WHAT YOU SHOULD DO> What you return should be only the lines starting at the one that contains "Image 42 of" and running to the end of the listing, exactly as written, minus any pictures.

COLLECTED MATERIAL>
┌──
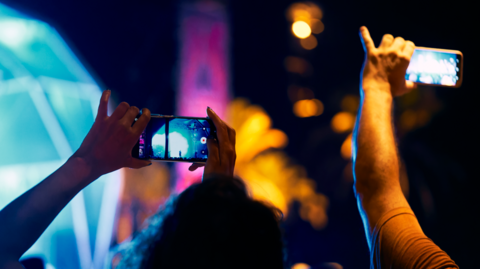 Two people in a darkly lit nightclub holding their phones in landscape towards the stage.
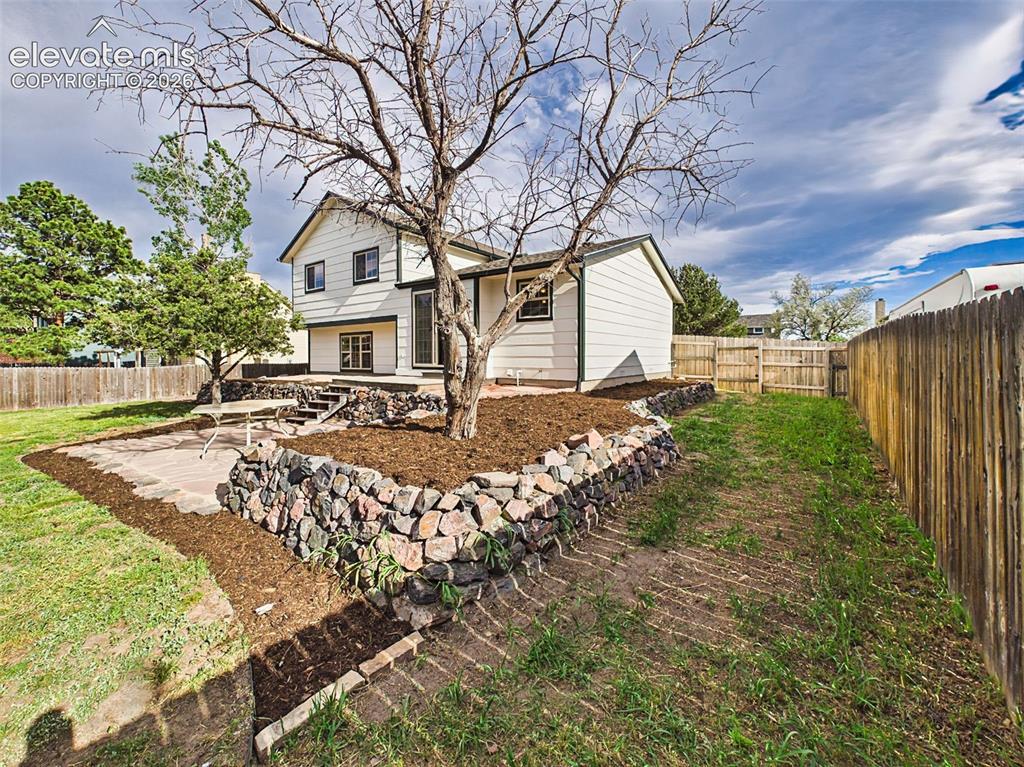 Image 42 of 50: Hard-to-find RV and camper parking complements this spacious, fully fenced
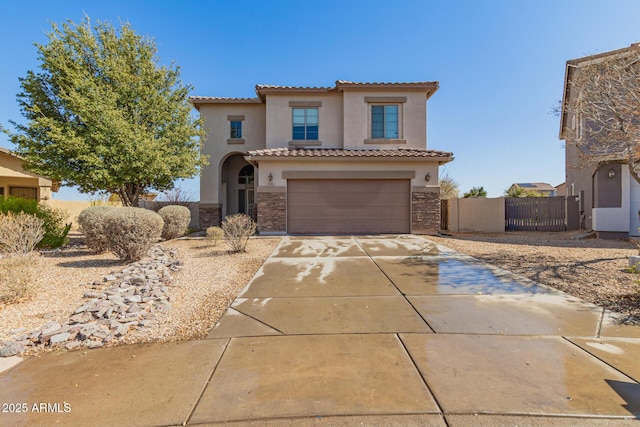 mediterranean / spanish house with concrete driveway, a tile roof, stucco siding, stone siding, and a gate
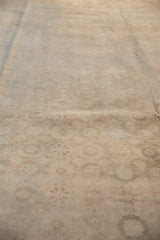 Distressed Sivas carpet close-up of worn pile, faded allover Veramin design, pale bronze and ivory.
└──
ANSWER BOX>
 Image 42 of 50: Hard-to-find RV and camper parking complements this spacious, fully fenced
 mediterranean / spanish house with concrete driveway, a tile roof, stucco siding, stone siding, and a gate
 Distressed Sivas carpet close-up of worn pile, faded allover Veramin design, pale bronze and ivory.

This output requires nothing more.